* _Supplied entries_:
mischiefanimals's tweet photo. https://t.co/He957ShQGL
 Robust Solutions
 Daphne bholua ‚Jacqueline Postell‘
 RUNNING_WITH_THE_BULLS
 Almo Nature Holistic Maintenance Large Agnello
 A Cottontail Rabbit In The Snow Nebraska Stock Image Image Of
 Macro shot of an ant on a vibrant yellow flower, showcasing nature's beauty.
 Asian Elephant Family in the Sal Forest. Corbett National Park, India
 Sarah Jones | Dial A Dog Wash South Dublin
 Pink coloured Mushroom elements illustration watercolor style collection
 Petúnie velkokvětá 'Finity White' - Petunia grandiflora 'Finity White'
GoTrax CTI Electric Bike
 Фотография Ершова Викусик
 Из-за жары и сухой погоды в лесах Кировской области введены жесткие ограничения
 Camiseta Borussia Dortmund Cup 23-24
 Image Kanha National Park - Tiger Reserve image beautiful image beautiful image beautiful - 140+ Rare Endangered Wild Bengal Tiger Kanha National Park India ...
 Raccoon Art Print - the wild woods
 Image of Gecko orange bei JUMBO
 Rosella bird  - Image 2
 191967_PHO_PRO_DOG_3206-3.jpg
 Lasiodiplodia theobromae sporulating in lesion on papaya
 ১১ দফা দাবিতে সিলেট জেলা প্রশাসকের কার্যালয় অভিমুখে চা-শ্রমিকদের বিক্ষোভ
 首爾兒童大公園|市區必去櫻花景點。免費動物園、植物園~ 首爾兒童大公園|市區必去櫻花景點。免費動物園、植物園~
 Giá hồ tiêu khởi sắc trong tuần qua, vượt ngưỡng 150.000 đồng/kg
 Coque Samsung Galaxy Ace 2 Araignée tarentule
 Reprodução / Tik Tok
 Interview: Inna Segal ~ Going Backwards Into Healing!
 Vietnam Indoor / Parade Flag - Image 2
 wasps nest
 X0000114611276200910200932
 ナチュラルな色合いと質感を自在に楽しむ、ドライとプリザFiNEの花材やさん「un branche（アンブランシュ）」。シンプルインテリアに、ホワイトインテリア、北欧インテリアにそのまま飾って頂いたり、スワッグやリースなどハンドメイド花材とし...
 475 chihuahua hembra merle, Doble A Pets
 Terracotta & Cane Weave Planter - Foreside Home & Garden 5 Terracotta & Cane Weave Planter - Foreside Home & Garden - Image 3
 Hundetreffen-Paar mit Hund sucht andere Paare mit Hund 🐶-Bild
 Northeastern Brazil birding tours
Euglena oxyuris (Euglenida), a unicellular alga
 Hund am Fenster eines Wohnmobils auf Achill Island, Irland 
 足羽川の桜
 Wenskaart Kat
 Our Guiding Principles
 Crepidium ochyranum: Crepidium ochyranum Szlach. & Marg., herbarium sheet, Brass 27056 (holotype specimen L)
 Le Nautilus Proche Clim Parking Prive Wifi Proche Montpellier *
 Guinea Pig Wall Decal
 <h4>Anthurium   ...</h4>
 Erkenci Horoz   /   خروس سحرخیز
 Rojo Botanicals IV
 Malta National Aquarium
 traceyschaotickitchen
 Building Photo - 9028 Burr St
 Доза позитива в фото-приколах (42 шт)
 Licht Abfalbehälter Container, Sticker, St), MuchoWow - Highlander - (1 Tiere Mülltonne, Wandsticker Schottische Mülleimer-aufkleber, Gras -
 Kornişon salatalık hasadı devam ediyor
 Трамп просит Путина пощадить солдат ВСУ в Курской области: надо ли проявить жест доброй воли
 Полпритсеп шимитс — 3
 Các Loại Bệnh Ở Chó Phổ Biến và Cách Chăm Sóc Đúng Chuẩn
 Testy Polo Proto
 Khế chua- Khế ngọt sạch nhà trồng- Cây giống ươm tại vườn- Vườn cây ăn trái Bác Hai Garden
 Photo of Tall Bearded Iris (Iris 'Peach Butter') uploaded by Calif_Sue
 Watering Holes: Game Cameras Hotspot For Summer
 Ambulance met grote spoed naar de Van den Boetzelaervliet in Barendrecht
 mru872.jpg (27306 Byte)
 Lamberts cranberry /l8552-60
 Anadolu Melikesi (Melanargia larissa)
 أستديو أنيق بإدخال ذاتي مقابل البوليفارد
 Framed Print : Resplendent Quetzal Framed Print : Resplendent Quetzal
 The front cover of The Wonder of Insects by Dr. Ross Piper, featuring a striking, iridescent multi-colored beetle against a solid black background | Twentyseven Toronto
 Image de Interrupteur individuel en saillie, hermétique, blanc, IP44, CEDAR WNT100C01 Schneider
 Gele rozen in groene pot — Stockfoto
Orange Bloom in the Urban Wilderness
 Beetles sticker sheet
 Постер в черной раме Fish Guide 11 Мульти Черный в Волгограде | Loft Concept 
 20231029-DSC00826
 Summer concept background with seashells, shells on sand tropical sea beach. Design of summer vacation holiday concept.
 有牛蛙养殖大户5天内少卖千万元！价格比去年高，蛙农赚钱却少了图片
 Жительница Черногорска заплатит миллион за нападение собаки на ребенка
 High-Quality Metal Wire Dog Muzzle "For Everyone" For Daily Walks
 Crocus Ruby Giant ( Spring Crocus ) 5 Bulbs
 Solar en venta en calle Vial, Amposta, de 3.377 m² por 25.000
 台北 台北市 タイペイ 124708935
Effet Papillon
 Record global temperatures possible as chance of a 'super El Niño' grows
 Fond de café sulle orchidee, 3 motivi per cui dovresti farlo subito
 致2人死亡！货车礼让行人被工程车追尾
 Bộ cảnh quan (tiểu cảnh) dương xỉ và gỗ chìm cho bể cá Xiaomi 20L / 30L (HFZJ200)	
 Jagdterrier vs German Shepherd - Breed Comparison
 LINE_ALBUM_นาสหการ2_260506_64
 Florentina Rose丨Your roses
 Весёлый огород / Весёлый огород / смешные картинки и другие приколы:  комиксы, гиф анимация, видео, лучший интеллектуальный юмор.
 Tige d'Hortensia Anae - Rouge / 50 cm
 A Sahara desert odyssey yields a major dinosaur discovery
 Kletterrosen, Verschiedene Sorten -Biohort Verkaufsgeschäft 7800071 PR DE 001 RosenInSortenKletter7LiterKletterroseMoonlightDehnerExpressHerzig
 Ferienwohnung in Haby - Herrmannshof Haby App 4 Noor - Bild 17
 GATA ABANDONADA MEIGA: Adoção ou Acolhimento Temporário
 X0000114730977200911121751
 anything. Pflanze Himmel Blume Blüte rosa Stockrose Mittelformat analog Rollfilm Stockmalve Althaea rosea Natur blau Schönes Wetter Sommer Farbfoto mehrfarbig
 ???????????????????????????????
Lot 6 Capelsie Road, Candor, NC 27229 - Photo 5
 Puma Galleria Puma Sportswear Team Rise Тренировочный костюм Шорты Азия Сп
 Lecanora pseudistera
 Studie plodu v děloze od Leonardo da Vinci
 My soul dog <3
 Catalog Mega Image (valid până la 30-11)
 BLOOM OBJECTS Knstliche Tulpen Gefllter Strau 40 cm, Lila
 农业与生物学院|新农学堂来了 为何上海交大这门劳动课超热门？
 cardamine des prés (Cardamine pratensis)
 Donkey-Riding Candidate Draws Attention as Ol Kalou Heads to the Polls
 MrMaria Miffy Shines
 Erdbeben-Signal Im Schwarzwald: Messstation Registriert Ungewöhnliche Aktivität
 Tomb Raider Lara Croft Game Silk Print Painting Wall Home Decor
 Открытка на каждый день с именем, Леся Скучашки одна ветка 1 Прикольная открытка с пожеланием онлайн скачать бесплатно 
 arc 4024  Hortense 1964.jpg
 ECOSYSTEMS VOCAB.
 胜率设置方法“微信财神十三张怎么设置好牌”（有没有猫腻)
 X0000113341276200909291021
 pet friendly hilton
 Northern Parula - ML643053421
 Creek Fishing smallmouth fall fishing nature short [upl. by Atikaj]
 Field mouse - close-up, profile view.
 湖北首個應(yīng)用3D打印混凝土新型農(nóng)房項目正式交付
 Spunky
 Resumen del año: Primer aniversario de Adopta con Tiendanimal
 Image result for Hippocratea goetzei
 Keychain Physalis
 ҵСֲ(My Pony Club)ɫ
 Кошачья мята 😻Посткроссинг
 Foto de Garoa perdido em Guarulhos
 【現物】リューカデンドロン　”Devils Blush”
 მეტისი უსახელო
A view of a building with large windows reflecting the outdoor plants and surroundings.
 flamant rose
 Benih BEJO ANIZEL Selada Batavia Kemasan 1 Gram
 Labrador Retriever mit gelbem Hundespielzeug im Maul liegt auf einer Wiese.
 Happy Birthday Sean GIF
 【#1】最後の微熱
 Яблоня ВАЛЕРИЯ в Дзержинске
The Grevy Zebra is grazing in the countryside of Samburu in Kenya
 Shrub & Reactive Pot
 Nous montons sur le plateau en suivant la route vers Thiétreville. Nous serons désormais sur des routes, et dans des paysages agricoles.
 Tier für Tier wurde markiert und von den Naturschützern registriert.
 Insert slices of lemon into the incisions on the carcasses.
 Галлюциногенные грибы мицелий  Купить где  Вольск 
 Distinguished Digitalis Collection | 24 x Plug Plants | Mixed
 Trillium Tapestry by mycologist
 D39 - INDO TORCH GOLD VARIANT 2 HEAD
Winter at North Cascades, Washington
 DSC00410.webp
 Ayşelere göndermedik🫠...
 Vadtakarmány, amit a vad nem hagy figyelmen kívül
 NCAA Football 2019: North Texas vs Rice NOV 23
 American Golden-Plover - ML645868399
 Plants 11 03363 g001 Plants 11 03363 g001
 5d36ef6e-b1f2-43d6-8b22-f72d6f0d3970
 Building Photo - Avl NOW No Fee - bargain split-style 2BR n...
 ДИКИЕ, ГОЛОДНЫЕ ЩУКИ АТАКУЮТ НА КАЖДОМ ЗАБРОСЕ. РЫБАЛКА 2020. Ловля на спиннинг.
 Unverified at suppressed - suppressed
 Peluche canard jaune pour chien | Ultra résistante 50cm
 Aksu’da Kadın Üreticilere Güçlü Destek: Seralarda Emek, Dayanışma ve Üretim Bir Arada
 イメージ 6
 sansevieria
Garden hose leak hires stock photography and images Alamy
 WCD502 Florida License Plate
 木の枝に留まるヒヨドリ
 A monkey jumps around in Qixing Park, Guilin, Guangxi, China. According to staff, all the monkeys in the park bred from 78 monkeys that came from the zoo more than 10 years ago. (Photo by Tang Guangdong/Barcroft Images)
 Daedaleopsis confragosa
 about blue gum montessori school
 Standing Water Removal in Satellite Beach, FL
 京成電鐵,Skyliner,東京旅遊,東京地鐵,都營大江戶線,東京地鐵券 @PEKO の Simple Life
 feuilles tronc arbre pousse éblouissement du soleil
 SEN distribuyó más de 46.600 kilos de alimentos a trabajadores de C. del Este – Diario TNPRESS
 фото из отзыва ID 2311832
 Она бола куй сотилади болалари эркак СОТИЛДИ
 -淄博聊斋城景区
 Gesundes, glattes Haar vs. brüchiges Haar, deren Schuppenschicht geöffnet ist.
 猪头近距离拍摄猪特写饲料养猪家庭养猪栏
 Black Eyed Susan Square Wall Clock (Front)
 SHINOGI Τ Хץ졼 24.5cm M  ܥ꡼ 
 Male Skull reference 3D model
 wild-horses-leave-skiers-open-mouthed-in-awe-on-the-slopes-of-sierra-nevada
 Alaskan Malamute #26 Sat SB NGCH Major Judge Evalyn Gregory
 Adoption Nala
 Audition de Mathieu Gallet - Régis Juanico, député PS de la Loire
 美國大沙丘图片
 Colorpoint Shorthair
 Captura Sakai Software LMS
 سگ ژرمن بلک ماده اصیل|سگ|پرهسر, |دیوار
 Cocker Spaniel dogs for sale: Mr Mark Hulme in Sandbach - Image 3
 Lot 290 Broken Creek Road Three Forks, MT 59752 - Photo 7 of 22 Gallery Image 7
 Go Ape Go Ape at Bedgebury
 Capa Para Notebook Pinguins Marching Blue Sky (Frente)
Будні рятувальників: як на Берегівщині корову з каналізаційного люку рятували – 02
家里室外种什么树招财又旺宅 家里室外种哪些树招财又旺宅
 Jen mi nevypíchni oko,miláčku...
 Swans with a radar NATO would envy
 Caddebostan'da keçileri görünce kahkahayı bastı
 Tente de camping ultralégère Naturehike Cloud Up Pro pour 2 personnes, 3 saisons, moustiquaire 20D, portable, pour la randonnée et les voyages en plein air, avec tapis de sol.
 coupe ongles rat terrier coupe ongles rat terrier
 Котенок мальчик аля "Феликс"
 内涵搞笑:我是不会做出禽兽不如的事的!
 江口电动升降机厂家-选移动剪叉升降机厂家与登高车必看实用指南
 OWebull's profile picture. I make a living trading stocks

* _Task item_: Using the material above, find each line that holds "области" and copy that line.

* _Expected answer_:
 Из-за жары и сухой погоды в лесах Кировской области введены жесткие ограничения
 Трамп просит Путина пощадить солдат ВСУ в Курской области: надо ли проявить жест доброй воли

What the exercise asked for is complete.